PROVIDED DATA ▸
== == ==

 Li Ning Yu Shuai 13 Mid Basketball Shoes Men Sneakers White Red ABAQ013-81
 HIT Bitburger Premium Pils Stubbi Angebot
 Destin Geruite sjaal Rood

== == ==

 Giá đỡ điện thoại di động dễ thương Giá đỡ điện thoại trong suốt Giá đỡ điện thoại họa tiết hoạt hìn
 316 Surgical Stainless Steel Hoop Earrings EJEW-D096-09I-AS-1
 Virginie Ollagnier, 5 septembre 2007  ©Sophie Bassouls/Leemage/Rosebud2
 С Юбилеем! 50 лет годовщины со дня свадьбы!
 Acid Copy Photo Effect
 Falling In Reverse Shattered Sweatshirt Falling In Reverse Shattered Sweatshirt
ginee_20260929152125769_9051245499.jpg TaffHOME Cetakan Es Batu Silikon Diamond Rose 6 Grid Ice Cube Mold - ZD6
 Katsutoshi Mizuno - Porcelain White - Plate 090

== == ==

WORK TO BE COMPLETED ▸ The answer must be a single number: how many lines of the entries contain "White".

SOLUTION ▸ 2